> [AIM OF THE TASK]:
Instruction for the data below: set down exactly the lines from the line with "978-7-111-45870-8-Chapter04-260.jpg" to the line with "310 Walnut St, Davidson, NC 28036", inclusive, and no others.

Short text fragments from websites
━━━━━━━━
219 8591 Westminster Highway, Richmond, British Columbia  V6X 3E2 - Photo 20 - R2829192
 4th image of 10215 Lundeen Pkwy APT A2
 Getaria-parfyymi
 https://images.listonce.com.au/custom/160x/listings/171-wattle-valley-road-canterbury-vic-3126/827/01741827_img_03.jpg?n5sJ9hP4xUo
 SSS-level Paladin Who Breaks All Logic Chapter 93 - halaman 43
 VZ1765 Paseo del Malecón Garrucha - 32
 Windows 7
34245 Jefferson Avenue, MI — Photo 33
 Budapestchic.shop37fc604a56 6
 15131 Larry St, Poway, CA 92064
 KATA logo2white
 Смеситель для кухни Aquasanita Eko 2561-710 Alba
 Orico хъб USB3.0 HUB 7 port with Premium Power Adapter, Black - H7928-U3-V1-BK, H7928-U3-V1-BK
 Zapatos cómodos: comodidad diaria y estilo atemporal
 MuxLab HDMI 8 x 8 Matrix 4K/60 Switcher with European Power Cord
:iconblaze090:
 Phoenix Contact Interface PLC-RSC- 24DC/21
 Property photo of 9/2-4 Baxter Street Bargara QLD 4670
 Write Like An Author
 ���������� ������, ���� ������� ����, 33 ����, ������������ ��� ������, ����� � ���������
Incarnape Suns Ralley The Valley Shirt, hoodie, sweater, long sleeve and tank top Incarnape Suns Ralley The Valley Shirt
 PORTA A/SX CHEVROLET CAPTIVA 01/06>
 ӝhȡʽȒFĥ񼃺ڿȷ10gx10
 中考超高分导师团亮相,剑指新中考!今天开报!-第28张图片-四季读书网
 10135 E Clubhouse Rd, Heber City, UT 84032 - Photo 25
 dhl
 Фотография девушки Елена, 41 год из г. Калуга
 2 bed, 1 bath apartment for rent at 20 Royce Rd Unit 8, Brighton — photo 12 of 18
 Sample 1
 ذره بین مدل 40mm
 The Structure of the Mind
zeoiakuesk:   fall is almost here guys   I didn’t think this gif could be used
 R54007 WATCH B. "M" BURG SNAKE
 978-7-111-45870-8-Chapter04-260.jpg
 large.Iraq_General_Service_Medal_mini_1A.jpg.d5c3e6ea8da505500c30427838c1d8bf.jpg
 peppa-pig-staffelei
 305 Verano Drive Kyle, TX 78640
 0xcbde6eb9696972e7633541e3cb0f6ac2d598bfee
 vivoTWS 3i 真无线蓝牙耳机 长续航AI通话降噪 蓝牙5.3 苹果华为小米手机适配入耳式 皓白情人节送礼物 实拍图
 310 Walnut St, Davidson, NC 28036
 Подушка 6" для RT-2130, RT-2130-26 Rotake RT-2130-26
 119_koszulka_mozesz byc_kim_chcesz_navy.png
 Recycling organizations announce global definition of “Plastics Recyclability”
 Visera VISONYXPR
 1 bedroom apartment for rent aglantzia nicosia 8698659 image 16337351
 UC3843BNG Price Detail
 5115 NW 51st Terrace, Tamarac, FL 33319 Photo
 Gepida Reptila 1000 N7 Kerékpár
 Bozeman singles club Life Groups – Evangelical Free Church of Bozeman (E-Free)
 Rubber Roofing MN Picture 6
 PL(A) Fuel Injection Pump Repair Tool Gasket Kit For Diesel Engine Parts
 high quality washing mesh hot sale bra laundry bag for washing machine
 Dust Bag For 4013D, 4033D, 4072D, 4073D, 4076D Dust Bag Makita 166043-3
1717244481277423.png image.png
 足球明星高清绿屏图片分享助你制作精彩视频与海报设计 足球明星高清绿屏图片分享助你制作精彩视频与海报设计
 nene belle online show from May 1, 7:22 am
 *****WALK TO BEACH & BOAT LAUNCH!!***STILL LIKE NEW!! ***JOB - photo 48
━━━━━━━━
> [SOLUTION TO THIS EXERCISE]:
 978-7-111-45870-8-Chapter04-260.jpg
 large.Iraq_General_Service_Medal_mini_1A.jpg.d5c3e6ea8da505500c30427838c1d8bf.jpg
 peppa-pig-staffelei
 305 Verano Drive Kyle, TX 78640
 0xcbde6eb9696972e7633541e3cb0f6ac2d598bfee
 vivoTWS 3i 真无线蓝牙耳机 长续航AI通话降噪 蓝牙5.3 苹果华为小米手机适配入耳式 皓白情人节送礼物 实拍图
 310 Walnut St, Davidson, NC 28036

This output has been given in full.